NYCReview
photo credit: Alex Staniloff
Don Peppe
Included In
Don Peppe has no paper menu. Instead, there's a large board hanging on the back wall that is almost visible to the entire restaurant—almost. Not that you really need it, because the best way to eat at this South Ozone Park spot is to let your server decide.
Give them the reins and they’ll bring you just the right number of baked clams, advise you against ordering a salad, accost you for wearing a hat, and remind you that 12pm is a perfectly fine time for wine. And when your order arrives, they'll delicately place a few clams on each person’s plate, with one hand and two spoons.
photo credit: Alex Staniloff
photo credit: Alex Staniloff
photo credit: Alex Staniloff
Things have changed since Don Peppe opened in 1968—like the cost of a subway ride, which at the time was 20 cents—but the best parts of this cash-only, family-style Italian restaurant remain. The service is brusk, yet thoughtful, and the person calling to let them know they’re coming with a group of 22 in a few hours is treated with the confident nonchalance of a well-oiled machine.
To say that Don Peppe is strictly a big group restaurant, however, would be untrue. At lunch, you’ll see a few solo diners, drinking red wine and eating Shrimp Luciano pasta in a dining room covered in jockey uniforms and framed photos of horses. (This spot is about a mile from the Aqueduct Racetrack.) But Don Peppe truly shines when big platters flecked with sauce land on crowded round tables, so if it’s your first time here, come with a group. Hours later, after a long and lazy feast, you will stumble out onto the street, cash-poor and veal parm-rich, wondering just how many pounds of pasta this place goes through in a single day.
Food Rundown
photo credit: Willa Moore
Free Bread
It’s not a few slices, it's an entire, flaky loaf, cut almost all the way through so that it forms an accordion, which you can rip and dip into the butter pooling beneath your order of baked clams. Every time your basket is empty it will be refilled, so your meal will probably begin and end with bread. As it should.

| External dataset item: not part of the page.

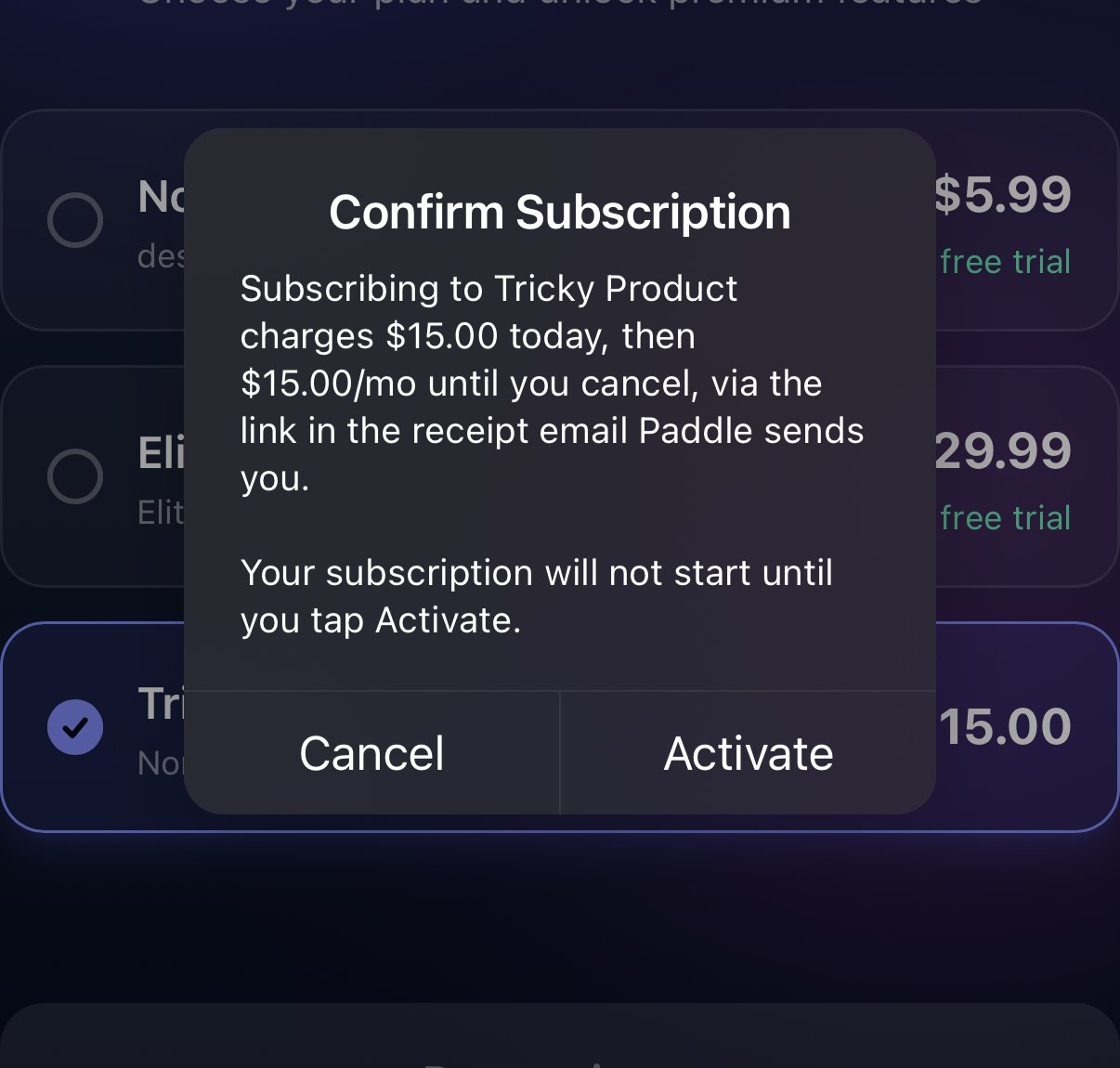California consent modal shown before activating a Paddle subscription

photo credit: Alex Staniloff
Baked Clams
A server told us these are the best baked clams in New York City, and a busser wore a shirt that had “The Original Baked Clams” printed on the back. Don’t think too hard about what that means—because what does that mean?—but be sure to order these. They are crisped to almost black on top, and creamy and meaty underneath.
Fried Peppers
Unlike the baked clams, no breadcrumbs were harmed in the making of these peppers. Instead, they are delightfully simple—red peppers, charred, with enough garlic and olive oil to last you for a week in the privacy of your own home. So simple that you might consider skipping this. Don’t do that.
photo credit: Alex Staniloff
Shrimp Luciano
You won’t find this dish on many Italian menus in the city, and that’s reason enough to come here. Get it over pasta, and pounds of al dente noodles will arrive at your table covered in tender shrimp, in a pool of garlic-butter sauce that’s slightly pink from tomatoes, and slightly sweet from caramelized onions.
photo credit: Willa Moore
Veal Don Pep
This breaded veal dish named after the restaurant itself is—sadly—the one dish we truly could not get behind at Don Peppe. The veal is pounded thinly and well-seasoned, but the mound of bruschetta-like raw tomatoes and red onions on top made the veal a cold and soggy end to our feast. Opt for veal parm, or just end with the shrimp Luciano. You’ll be full enough anyway.